If you sell products that you no longer need that contain residual hazardous substances, and the buyer mishandles them so as to create the need for remediation, are you liable under CERCLA for having arranged for disposal of the hazardous substance?
A federal District Court recently granted summary judgment to a CERCLA defendant concluding that because the company did not take intentional steps to dispose of a hazardous substance, it was not subject to CERCLA liability. In Carolina Power & Light Company (CP&L) v. Georgia Power Company et al., No. 08-CV-460 (E.D. NC February 1, 2013), CP&L filed a contribution complaint alleging that Georgia Power arranged for the disposal of hazardous waste when it sent electrical transformers containing PCB-laden oil to the Ward Superfund Site.

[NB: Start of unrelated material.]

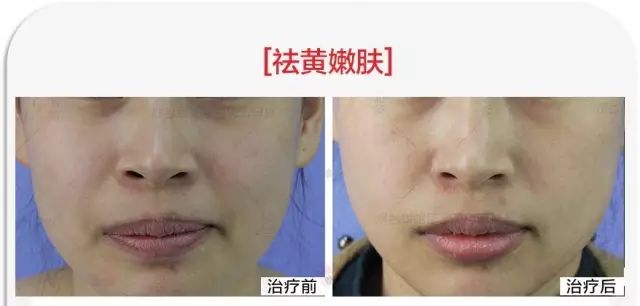 ‘斑’弄是非，超皮秒要你好看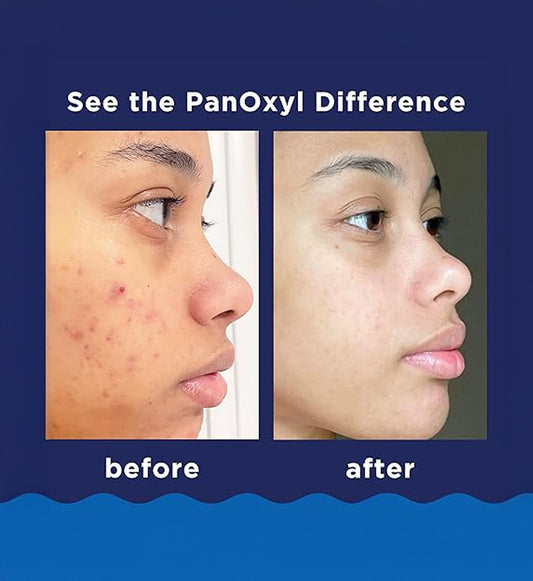Panoxyl Benzoyl Peroxide 10% Acne Foaming Wash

Yet Georgia Power only sent transformers to the site that were capped to prevent oil spillage or that had been drained of oil and contained only a residual oil sheen. The transformers also had resale value: the Ward Transformer Company repaired and reconditioned the transformers and sold them for a profit.
The Court granted Georgia Power’s summary judgment motion based on its consideration of several factors:
- Value and usefulness of materials sold. Because Ward was able to resell the transformers for a profit, and because the transformers were, by extension, useful materials, the Court found that Georgia Power had not arranged for the disposal of a hazardous waste.

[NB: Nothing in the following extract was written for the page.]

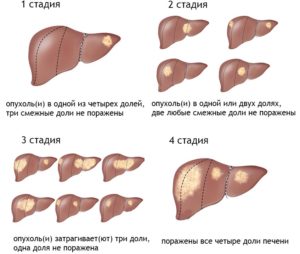 Саркома печінки симптоми, діагностика і сучасне лікування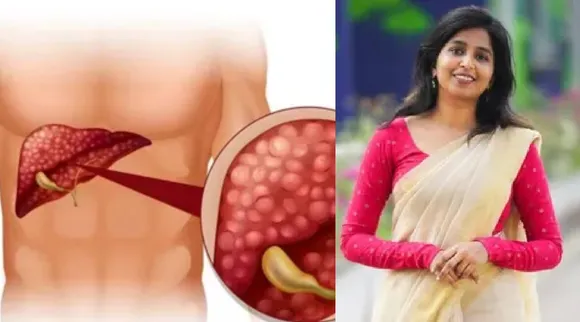 Fatty liver issue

- State of the product. Because the transformers were either capped or drained of oil save for a residual sheen, the Court found that Georgia Power’s purpose was not to dispose of the PCB-laden oil.
- Knowledge. Although Georgia Power had general knowledge about transformer repair and PCBs in transformer oil, it did not have knowledge that the oil would be spilled or leaked at the Site.
This case is a reminder that simply sending a hazardous material to a Superfund site is not enough to establish arranger liability under CERCLA. Courts will undertake a fact-specific inquiry on whether a CERCLA defendant had the necessary intent to qualify as an arranger.